This probably wouldn't matter in a typical system with a crystal, but I have a clock source that may take some time to come up. I do have something in place to delay calling SysCtlClockFreqSet until after the clock is ready, but I suspect that that may be failing on occasion.
I had originally expected a dead clock input to result in a timeout waiting for PLL lock in #5, but it seems that I missed the second change to OSCSRC in #4 which kills the CPU first. There is some opportunity to recover from that with a watchdog timer, but a timeout error would be more flexible. Also, a watchdog reset at that point is pretty much indistinguishable from a watchdog reset later on in application code and that makes debugging more difficult.

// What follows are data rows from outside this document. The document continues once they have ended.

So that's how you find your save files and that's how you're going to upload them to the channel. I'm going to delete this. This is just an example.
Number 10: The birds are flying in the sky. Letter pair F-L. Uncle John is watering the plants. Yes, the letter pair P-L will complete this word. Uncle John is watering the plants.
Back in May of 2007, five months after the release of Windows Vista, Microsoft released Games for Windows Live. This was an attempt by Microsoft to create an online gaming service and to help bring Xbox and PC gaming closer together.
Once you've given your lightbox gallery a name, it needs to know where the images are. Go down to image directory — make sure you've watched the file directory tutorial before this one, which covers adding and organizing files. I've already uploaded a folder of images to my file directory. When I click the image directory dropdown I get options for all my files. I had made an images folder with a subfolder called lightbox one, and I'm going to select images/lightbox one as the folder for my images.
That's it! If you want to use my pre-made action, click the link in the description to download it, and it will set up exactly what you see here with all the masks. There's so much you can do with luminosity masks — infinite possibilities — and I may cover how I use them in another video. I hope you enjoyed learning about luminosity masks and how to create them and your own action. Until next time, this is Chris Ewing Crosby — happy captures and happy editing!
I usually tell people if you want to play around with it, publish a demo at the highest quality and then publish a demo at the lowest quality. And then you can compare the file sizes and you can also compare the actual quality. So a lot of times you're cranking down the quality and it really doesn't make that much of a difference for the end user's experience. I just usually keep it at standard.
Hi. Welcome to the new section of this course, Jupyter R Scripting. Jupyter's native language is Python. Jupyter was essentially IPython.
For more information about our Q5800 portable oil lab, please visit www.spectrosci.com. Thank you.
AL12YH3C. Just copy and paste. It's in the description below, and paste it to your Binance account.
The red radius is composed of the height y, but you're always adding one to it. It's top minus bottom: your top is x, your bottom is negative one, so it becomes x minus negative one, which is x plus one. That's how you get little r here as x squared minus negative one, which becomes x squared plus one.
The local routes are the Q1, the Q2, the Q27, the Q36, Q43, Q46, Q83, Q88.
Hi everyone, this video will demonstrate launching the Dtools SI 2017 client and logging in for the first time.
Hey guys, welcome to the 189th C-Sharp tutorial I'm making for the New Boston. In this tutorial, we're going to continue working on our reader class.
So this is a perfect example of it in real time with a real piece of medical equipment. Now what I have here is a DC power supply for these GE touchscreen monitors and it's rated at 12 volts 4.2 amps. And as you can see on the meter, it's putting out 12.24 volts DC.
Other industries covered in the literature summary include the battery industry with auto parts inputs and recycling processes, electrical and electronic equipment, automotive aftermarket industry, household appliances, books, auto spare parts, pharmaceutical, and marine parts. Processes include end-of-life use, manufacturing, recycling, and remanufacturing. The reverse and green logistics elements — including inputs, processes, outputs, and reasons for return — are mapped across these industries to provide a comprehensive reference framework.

At the moment I'm trying to track down a rare WDT reset shortly after startup. If I can ever reproduce it, I'd like to know if it was during the clock switchover. To that end I've modified SysCtlClockFreqSet to stay on PIOSC until switching to the PLL. It seems to work fine, and I now get a specific error instead of a WDT reset if SysCtlClockFreqSet is called while the clock input is dead. I am a bit worried about possible unintended consequences. Are there any known issues this change could trigger?
EnableWatchdog(1000 /*ms*/); // reset occurs after 2 timeouts
uint32_t clockFreq = SysCtlClockFreqSet(
SYSCTL_XTAL_25MHZ | SYSCTL_OSC_MAIN | SYSCTL_USE_PLL | SYSCTL_CFG_VCO_480,
CPU_CLOCK_HZ // 120 MHz
if (clockFreq != CPU_CLOCK_HZ)
// This is supposed to handle PLL lock failures.
// With stock SysCtlClockFreqSet, it's not triggered if the clock
// input is dead (and the wait is bypassed). In that case a watchdog
// reset occurs.
BB_ To that end I've modified SysCtlClockFreqSet to stay on PIOSC until switching to the PLL.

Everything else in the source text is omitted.